■ PROBLEM TO WORK ON:
Using the material below, repeat exactly the lines from the one with "Schultertasche genarbtes Rindsleder" through the one with "Maltese Dog Peace", ends included, without any images.

(MATERIAL FOR THIS EXERCISE Opens)

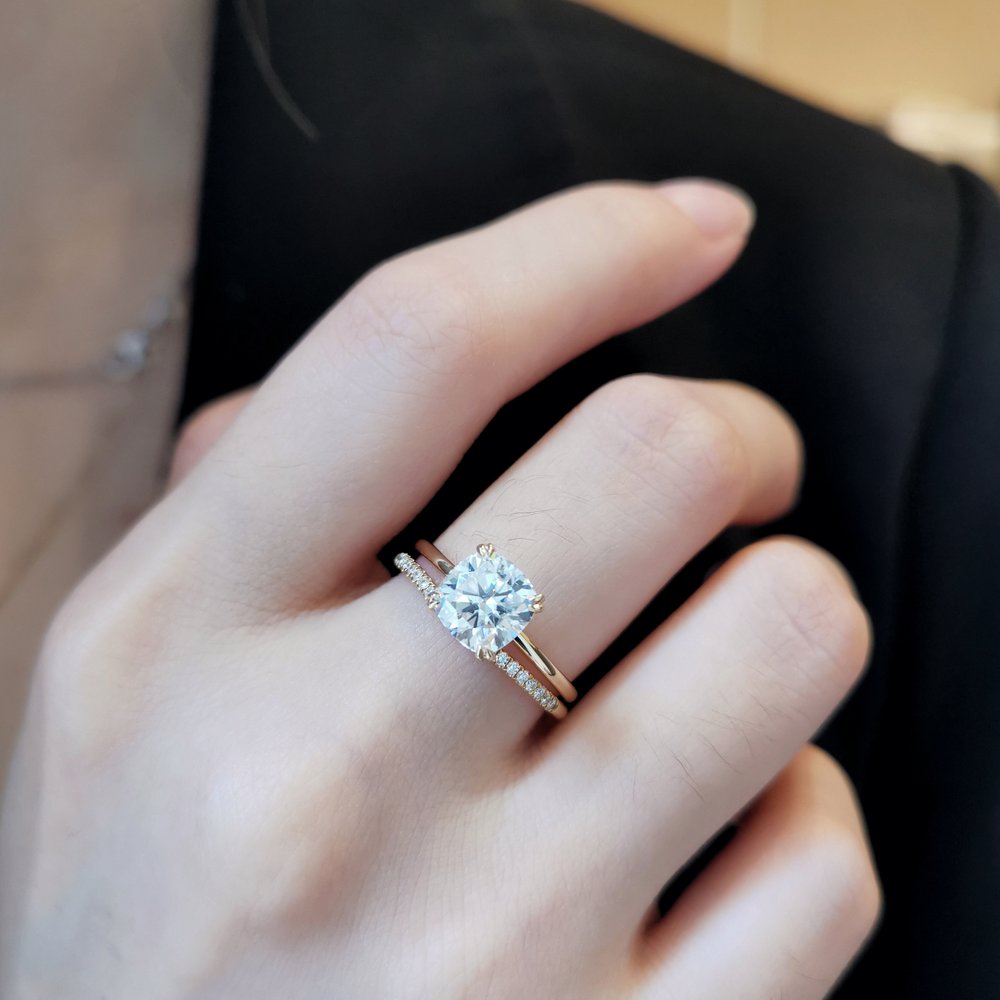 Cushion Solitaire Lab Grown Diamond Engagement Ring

(MATERIAL FOR THIS EXERCISE Closes)
(MATERIAL FOR THIS EXERCISE Opens)

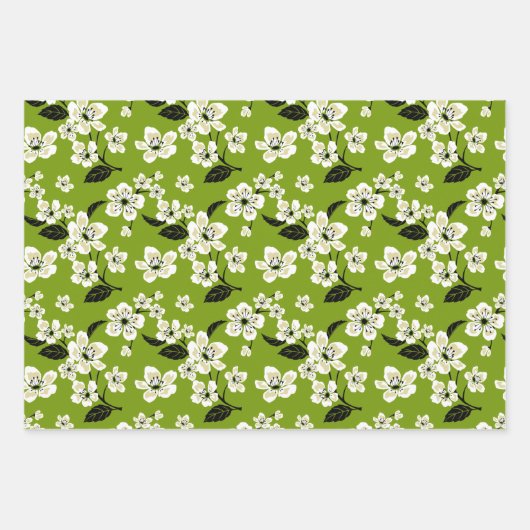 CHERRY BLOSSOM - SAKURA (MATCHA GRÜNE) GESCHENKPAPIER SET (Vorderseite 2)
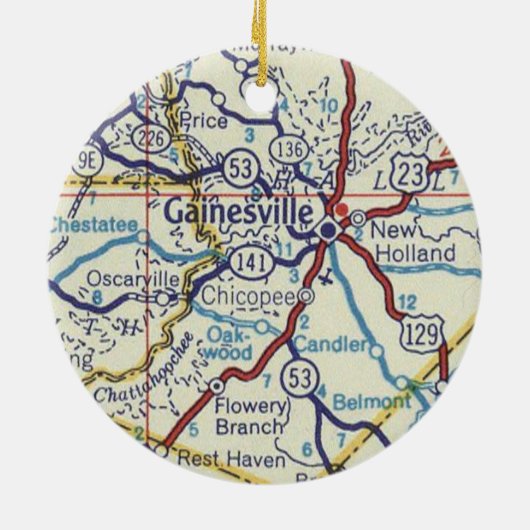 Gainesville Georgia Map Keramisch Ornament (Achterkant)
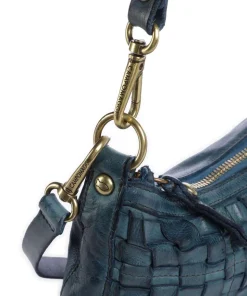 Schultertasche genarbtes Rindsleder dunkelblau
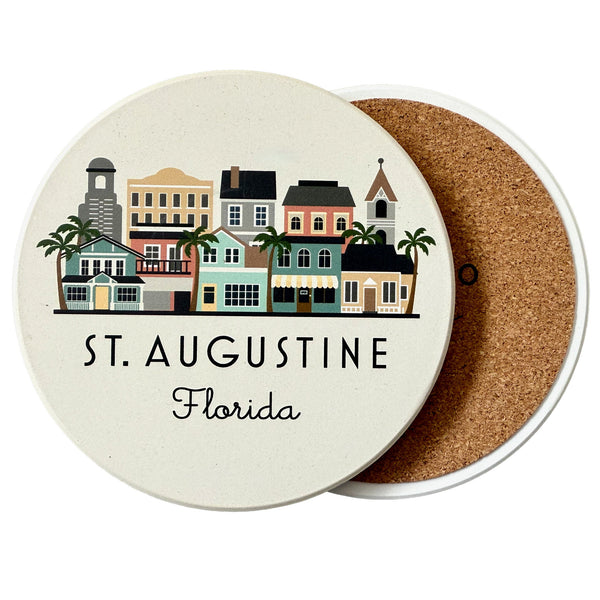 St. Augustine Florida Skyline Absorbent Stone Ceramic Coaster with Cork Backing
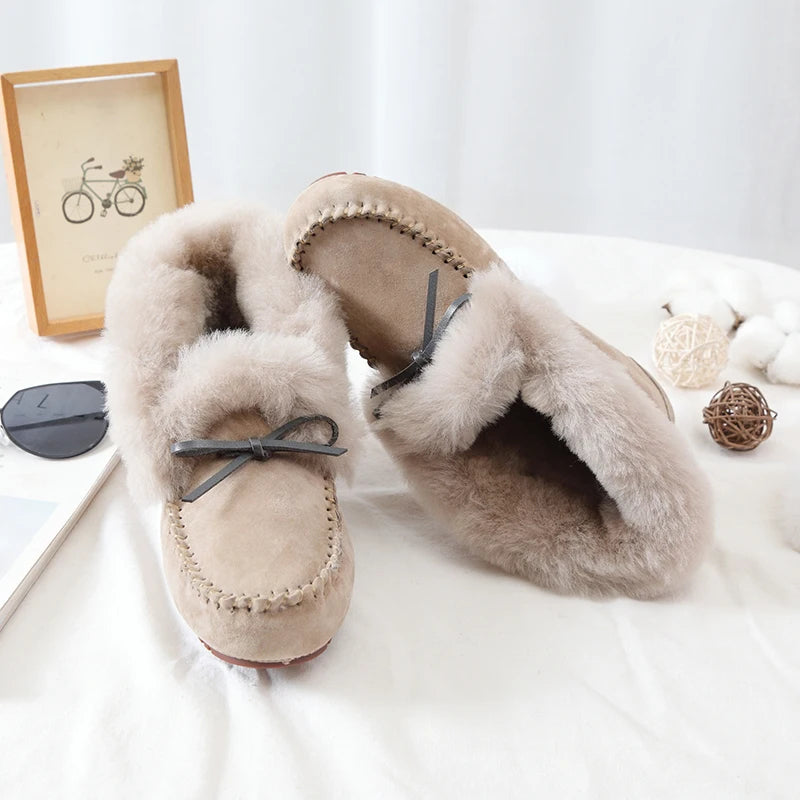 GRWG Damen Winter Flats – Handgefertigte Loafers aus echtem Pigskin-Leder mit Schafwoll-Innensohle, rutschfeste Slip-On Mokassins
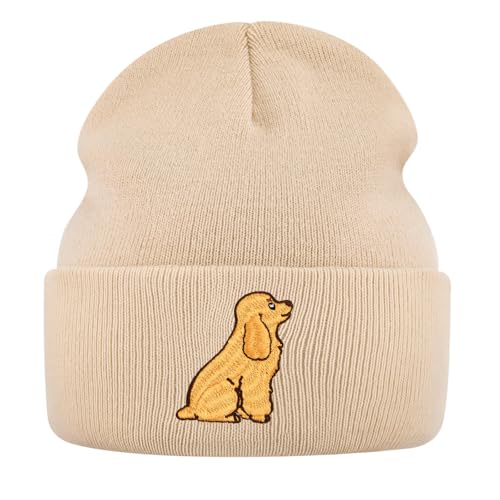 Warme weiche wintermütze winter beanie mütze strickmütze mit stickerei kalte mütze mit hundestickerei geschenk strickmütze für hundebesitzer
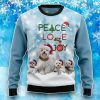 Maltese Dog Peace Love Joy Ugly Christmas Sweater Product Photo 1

(MATERIAL FOR THIS EXERCISE Closes)
(MATERIAL FOR THIS EXERCISE Opens)

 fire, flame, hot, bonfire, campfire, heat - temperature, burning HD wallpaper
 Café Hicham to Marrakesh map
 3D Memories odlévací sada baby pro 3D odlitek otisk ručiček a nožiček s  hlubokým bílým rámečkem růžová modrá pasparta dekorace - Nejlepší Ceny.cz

(MATERIAL FOR THIS EXERCISE Closes)

■ ANSWER TO THIS TASK:
 Schultertasche genarbtes Rindsleder dunkelblau
 St. Augustine Florida Skyline Absorbent Stone Ceramic Coaster with Cork Backing
 GRWG Damen Winter Flats – Handgefertigte Loafers aus echtem Pigskin-Leder mit Schafwoll-Innensohle, rutschfeste Slip-On Mokassins
 Warme weiche wintermütze winter beanie mütze strickmütze mit stickerei kalte mütze mit hundestickerei geschenk strickmütze für hundebesitzer
 Maltese Dog Peace Love Joy Ugly Christmas Sweater Product Photo 1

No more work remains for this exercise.